Wikidata is under CC0 licence and Wiktionary is under CC BY-SA licence. If I understand properly, ShareAlike property forbid to copy the content to Wikidata. How do you plan to deal with this legal aspect of author rights? Noé (talk) 16:03, 14 September 2016 (UTC)[reply]

If I understand correctly, simple facts are not eligible for copyright, so most data wouldn't be an issue. The only area of concern would probably be definitions, but the proposal doesn't seem to include anything about moving those to Wikidata (which seems reasonable to me, as that's not really something that would be useful for Wiktionary). --Yair rand (talk) 20:02, 14 September 2016 (UTC)[reply]

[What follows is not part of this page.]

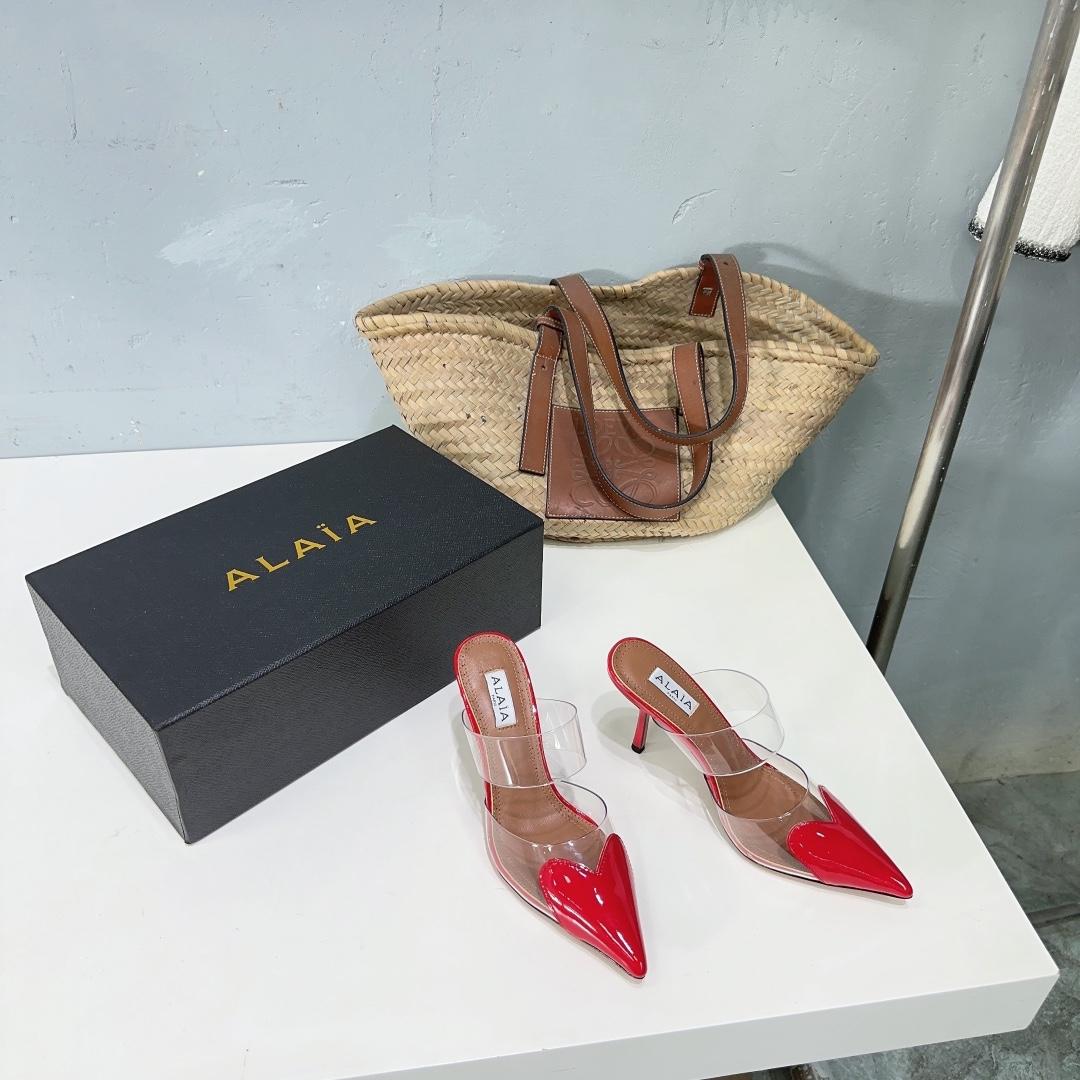 Alaïa Heart Mules in Red  - EUR FASHION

Perhaps not quite correct on several points, but the sense/definition of the term is proposed to be part of the Wikidata entry. Whether or not in a specific case there would be a technical violation of copyright is perhaps less an issue than the perception that it violates the spirit of the Creative Commons licenses. - Amgine (talk) 04:16, 15 September 2016 (UTC)[reply]
@Amgine: My understanding is that a gloss is just an identifier for distinguishing between senses (like those used in translation table headings, {{gloss}}, synonym listings, etc.), and not a definition. The proposal doesn't spell this out specifically, though, so I might be wrong about that.
Re violating the spirit of the license... Yeah, that seems like a reasonable concern. Properly attributing Wiktionary content is difficult enough as it is. --Yair rand (talk) 04:59, 15 September 2016 (UTC)[reply]
"(sense) S1989 (won't be displayed)" <- I believe this is intended to be the 'definition'; Wikidata's glossary does not appear to be using the en.WT jargon of gloss being a simplistic description/translation and sense being a more nuanced/precise conventional use for a word. (Incidentally, neither 'gloss' nor 'sense' appear in en:WT:GLOSS, which seems an odd omission.) - Amgine (talk) 16:02, 15 September 2016 (UTC)[reply]
What Amgine says. Every sense has a gloss, which is a text, not an identifier. The mock up shows that --Denny (talk) 20:05, 15 September 2016 (UTC)[reply]
@Denny: Sorry, "Identifier" may have been the wrong term here. To be clear: I was thinking that it would be like glosses as explained at wikt:Help:Glosses: a "set of words that uniquely identify a definition", as opposed to the full definition, which is typically longer. Not like that? --Yair rand (talk) 22:12, 15 September 2016 (UTC)[reply]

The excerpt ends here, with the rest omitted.